Das startet am 27. Dezember 2018

Herzlich willkommen zu einer neuen Ausgabe von WESSELS‘ WEEKLY, unserer wöchentlichen Vorschau auf die anstehenden Filmstarts. Heute geht es um den letzten Starttag des Jahres 2018, an dem ein Film aus der Reihe tanzt. Das Hape-Kerkeling-Biopic „Der Junge muss an die frische Luft“ erscheint nämlich bereits zwar Tage vor dem regulären Startdonnerstag am 25.12. und ist gleichzeitig der Anwärter auf den stärksten Neustart.
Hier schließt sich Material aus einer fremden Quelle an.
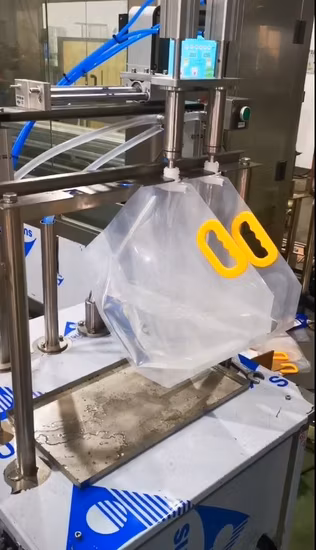 Doypack automático se levanta la máquina de embalaje de sellado de llenado de detergente líquido para ropa con bolsa con boquilla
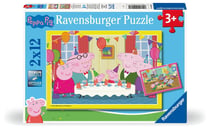 Peppa Pig Puzzle Enfant 2x12 pieces - Ravensburger - Bleu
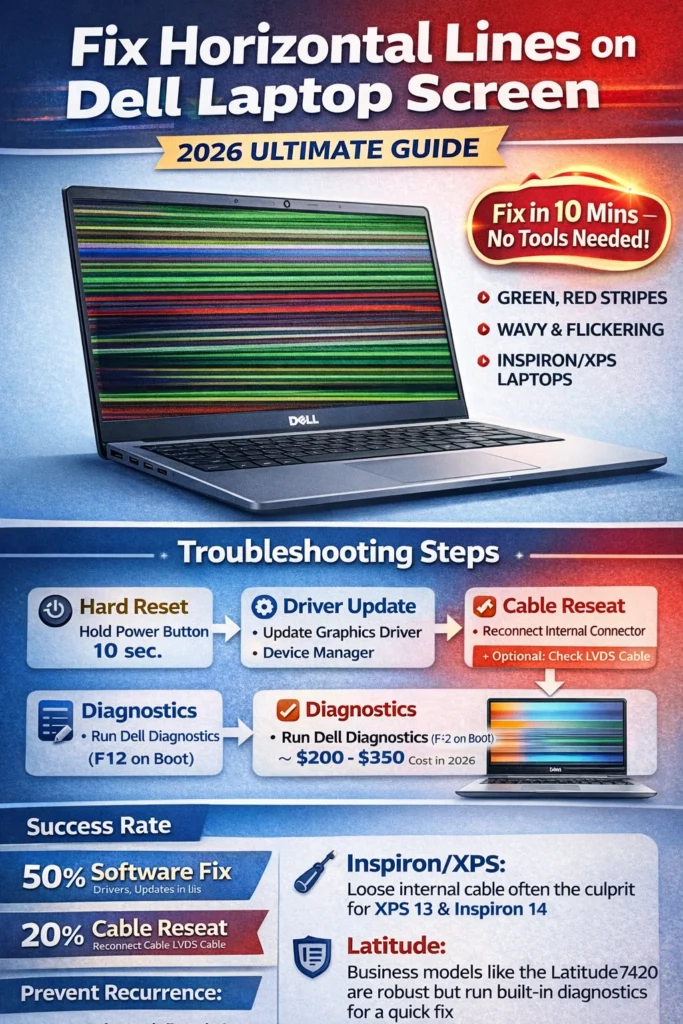Horizontal lines on laptop screen dell (2)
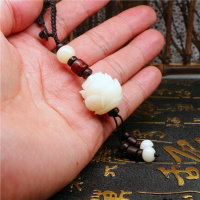 【菩提根钥匙扣】手工刻菩提根莲花钥匙扣挂件汽车钥匙扣挂饰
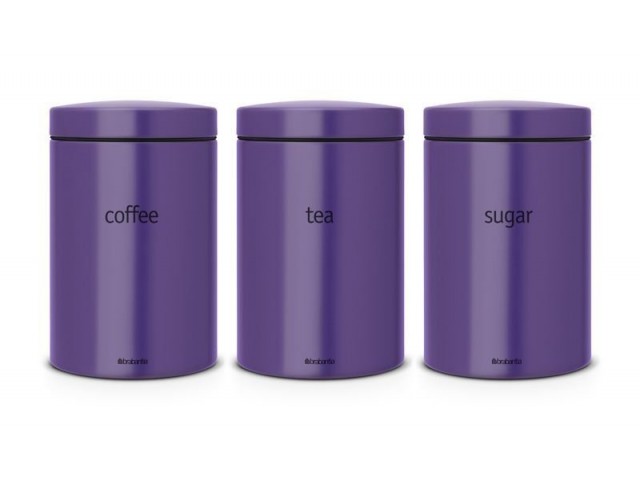 Набор контейнеров для сыпучих продуктов Brabantia фиолетовый 1,4 л 3 штуки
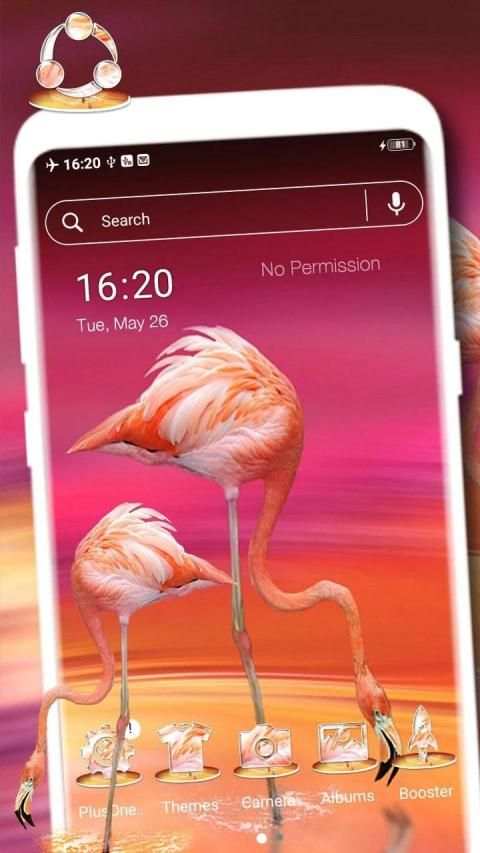 Pink Flamingo Launcher Theme screenshot 4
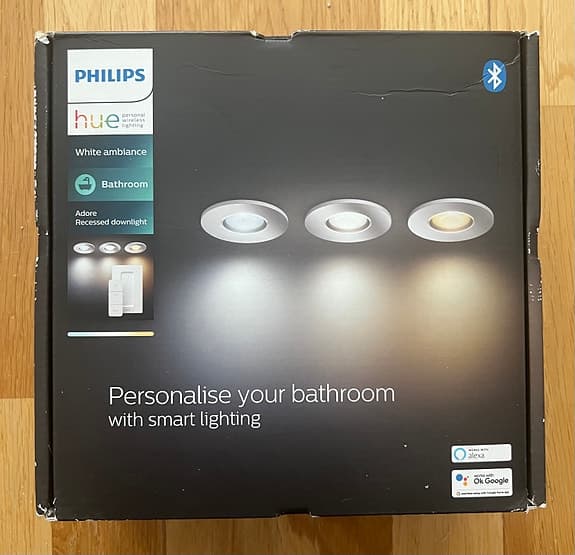 Philips Hue Adore infälld spotlight krom 3x5W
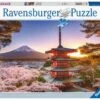Ravensburger Kersenbloesem Bij De Fuji Berg, Japan - Puzzel Van 1000 Stukjes -Puzzelwinkel ravensburger kersenbloesem bij de fuji berg japan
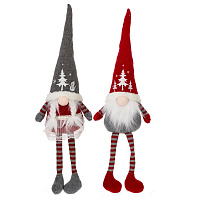 Игрушка набивная "Гном", L17 W11 H55 см, 2в. оптом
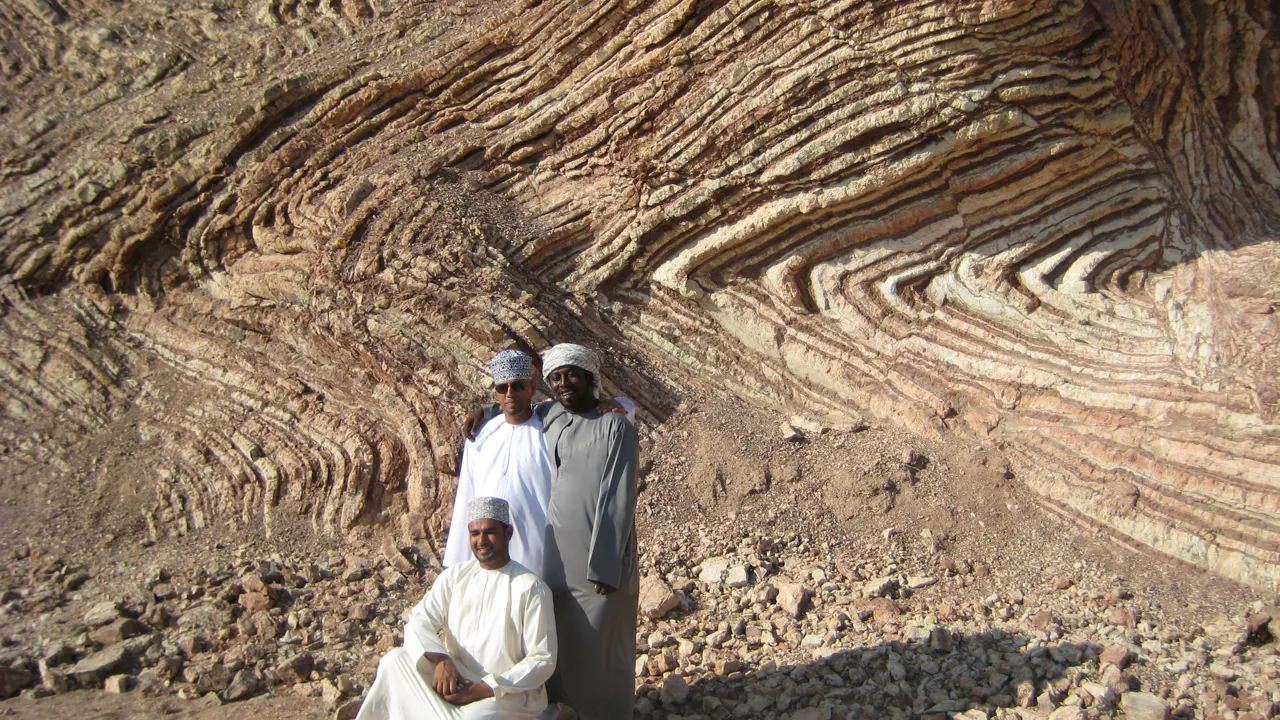 Geologien er en oplevelse i sig selv. Foto Vivian Sandau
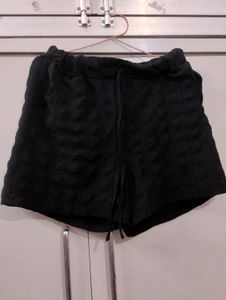 Black Casual Shorts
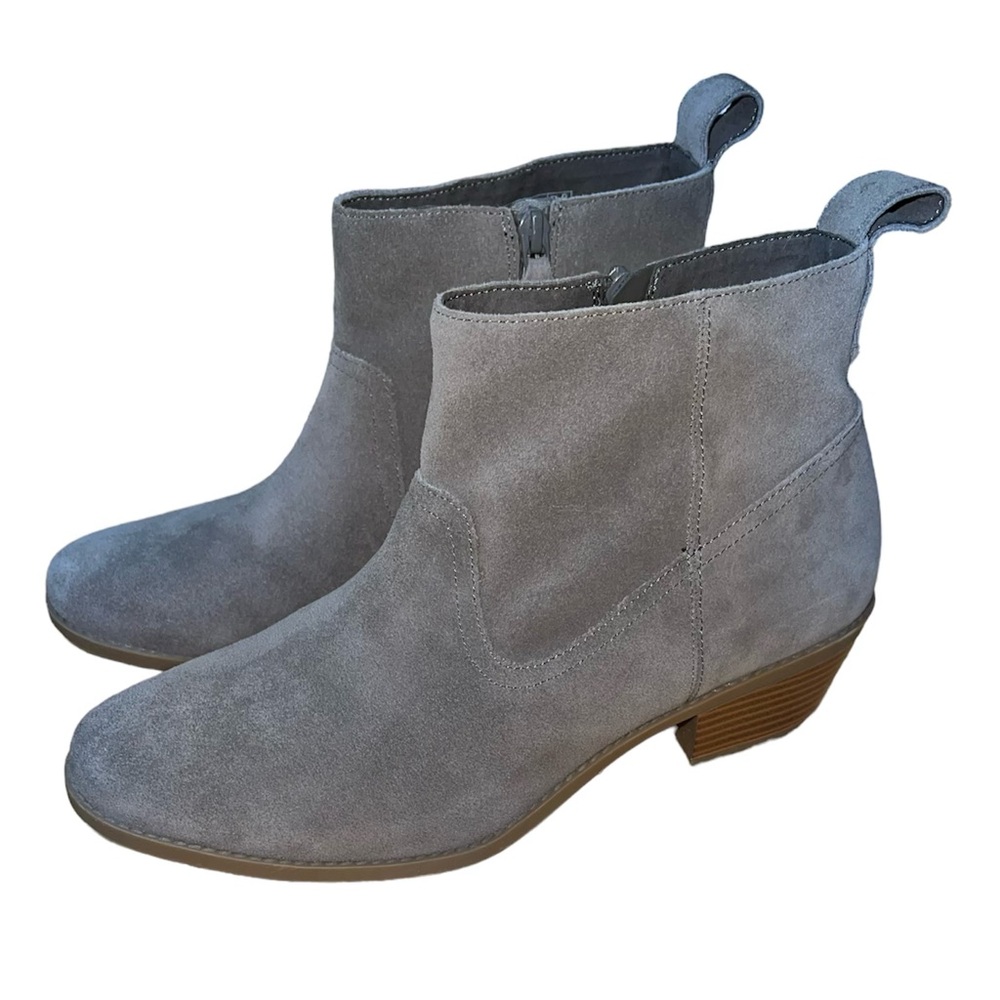 Vionic Women’s Suede Chelsea Boots Size 9.5 Ankle Dark Taupe Vera - Picture 4 of 8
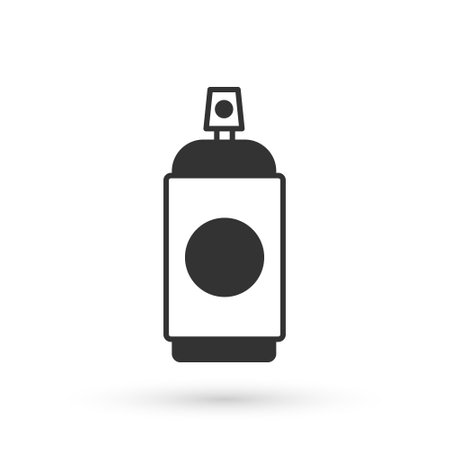 Grey Paint spray can icon isolated on white background. Vectorのイラスト素材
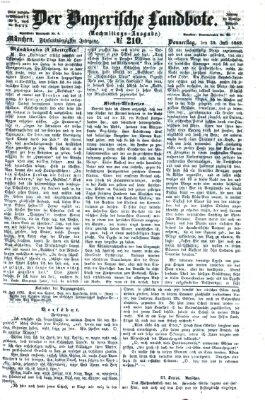 Der Bayerische Landbote Donnerstag 29. Juli 1869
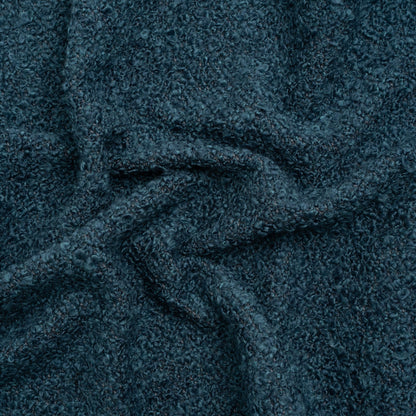 Indigo Fluffy Upholstery Boucle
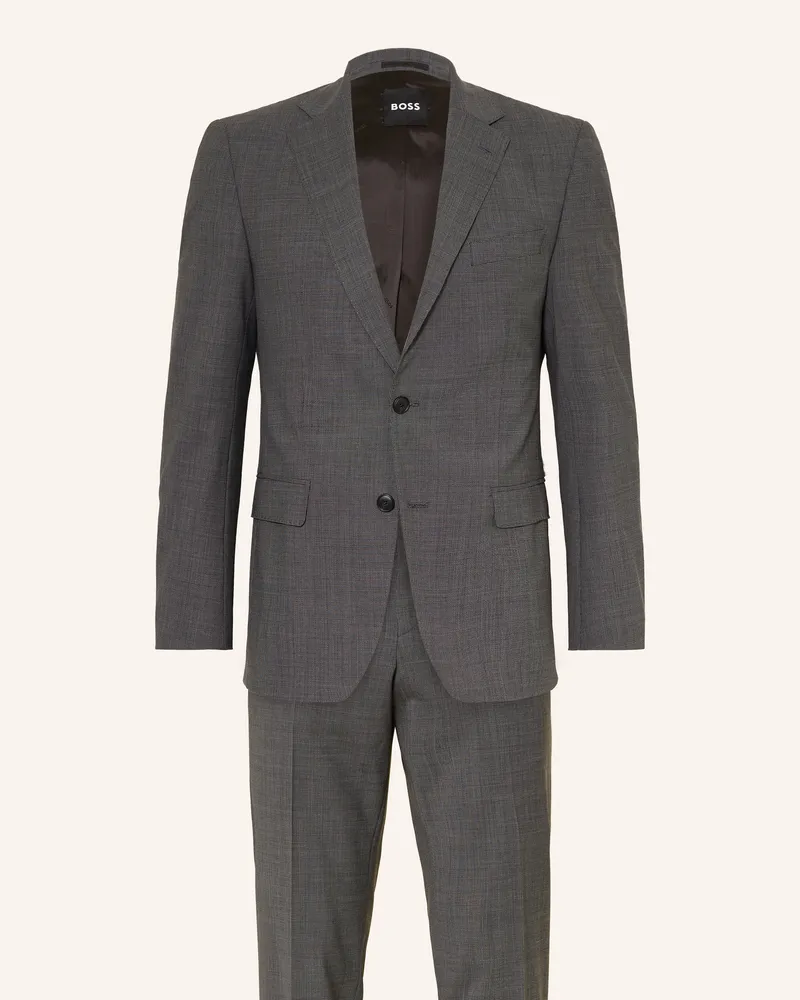 HUGO BOSS Anzug Huge Slim Fit grau Grau
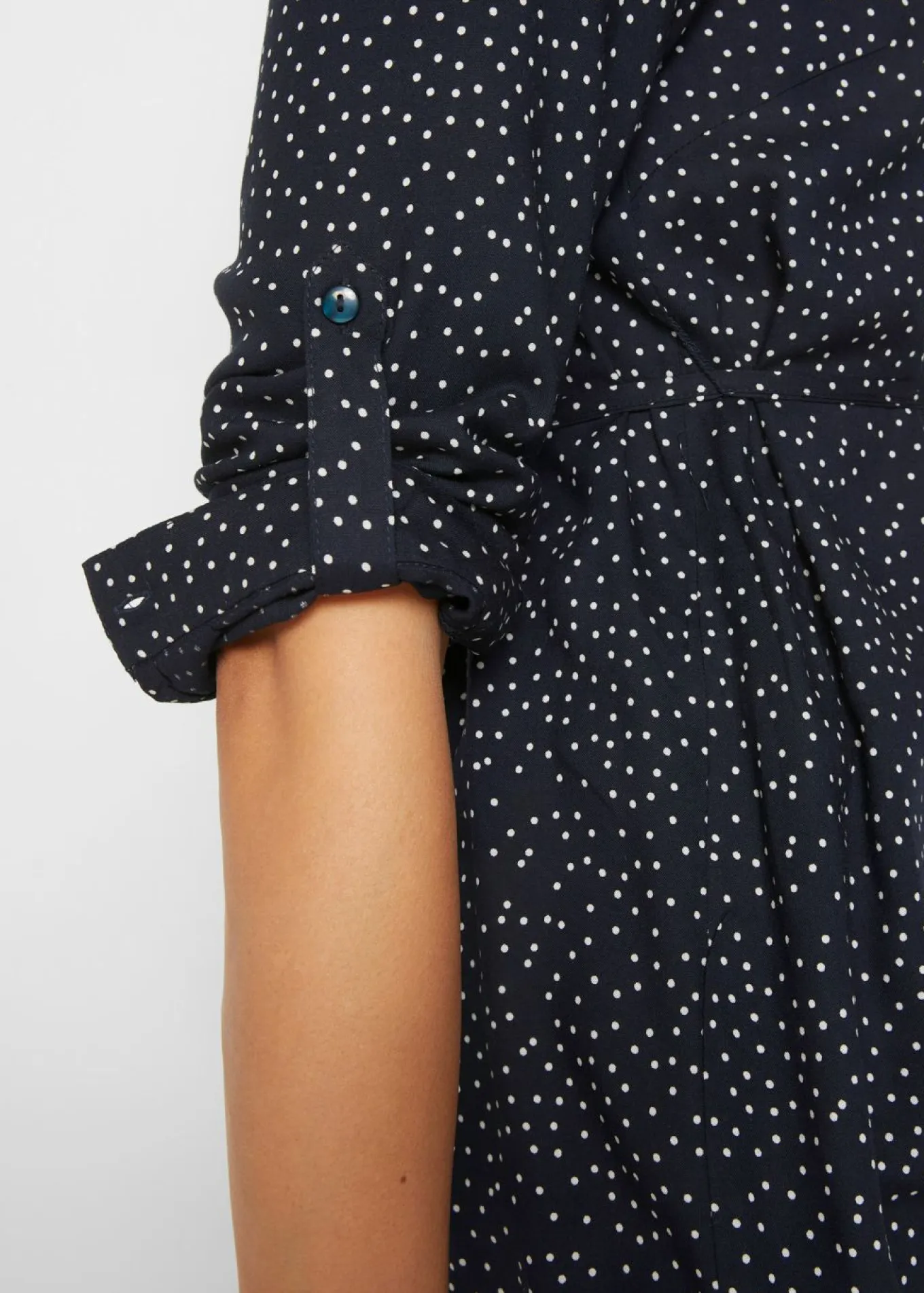 Vestido camisero premamá/de lactancia 2 en 1 de viscosa fluida
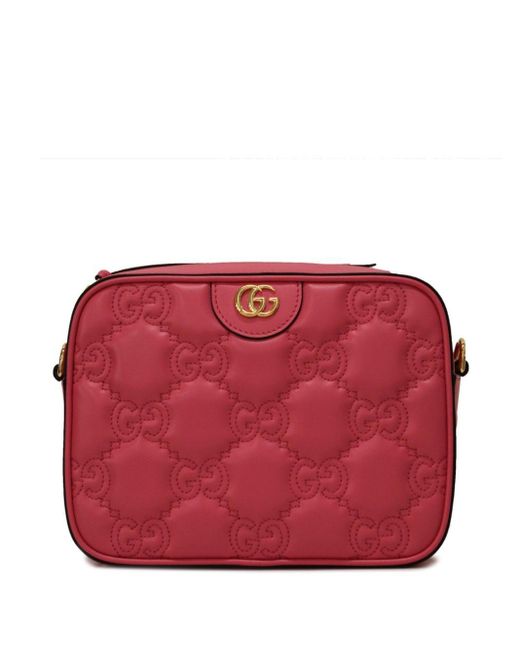 Gucci Red GG Matelassé Shoulder Bag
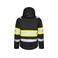 Chaqueta de alta visibilidad con capucha hombre 6454. Color amarillo.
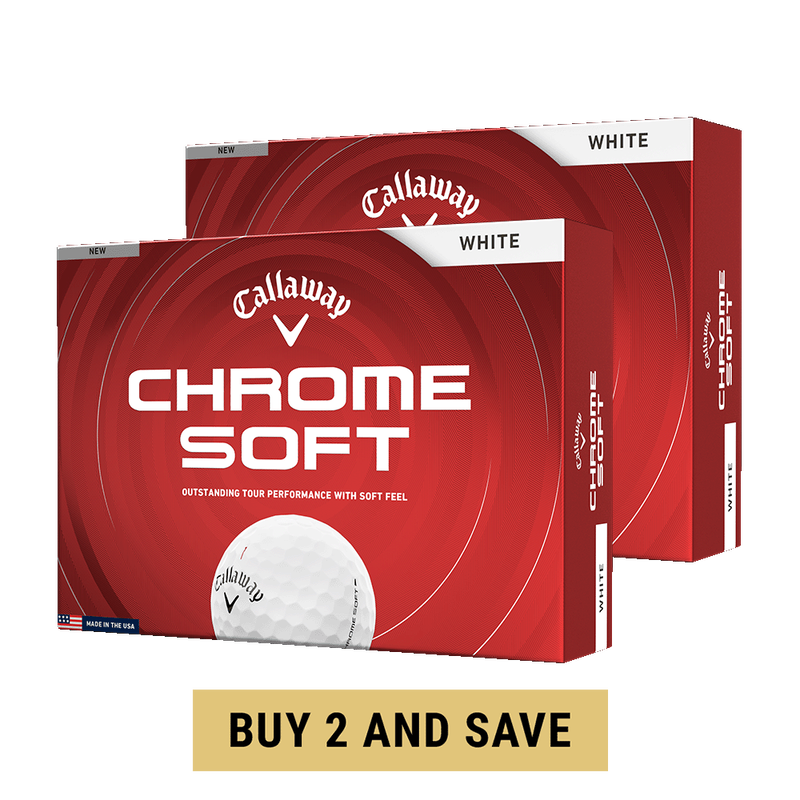Chrome Soft 2 Dozen Golf Balls - View 1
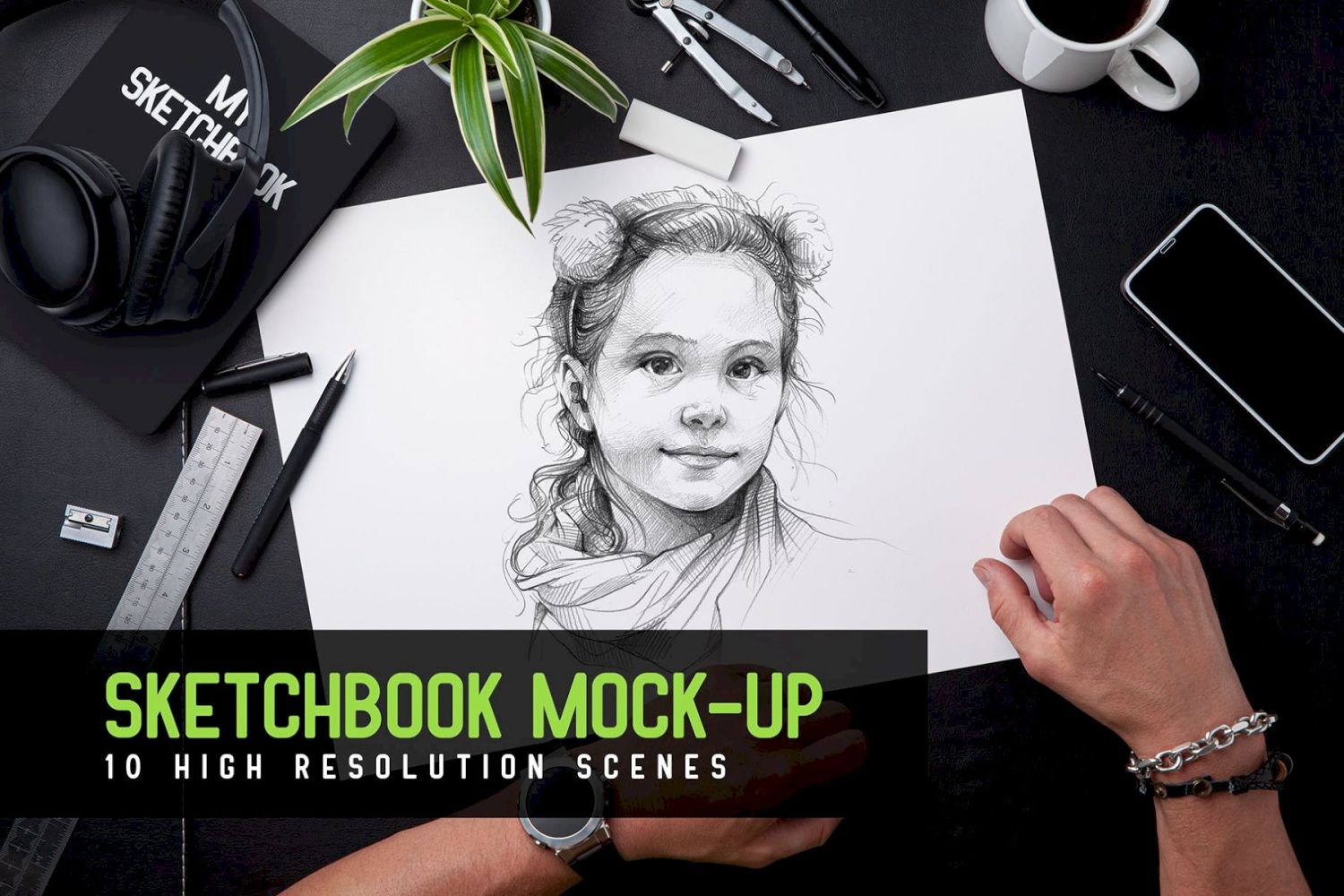 素描本样机 Sketchbook Mock-up插图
Die anderen Verleiher zeigen stattdessen ein Nischenprogramm, darunter der japanische Oscar-Kandidat „Shoplifters“ und das Drama „Sibel“.
Wenn Ihr mehr zu den einzelnen Filmen wissen wollt, klickt einfach auf’s Plakat und entdeckt dort entweder die Kritik oder den dazugehörigen Trailer. Bei Produktionen, die ich vorab nicht sichten konnte, liefere ich Euch auch diesmal wieder eine Zusammenfassung der Handlung. Und wer lieber daheim bleibt, für den habe ich natürlich auch einen hübschen Heimkinotipp parat. Ich wünsche Euch viel Freude mit dieser neuen Ausgabe und natürlich viel Spaß im Kino!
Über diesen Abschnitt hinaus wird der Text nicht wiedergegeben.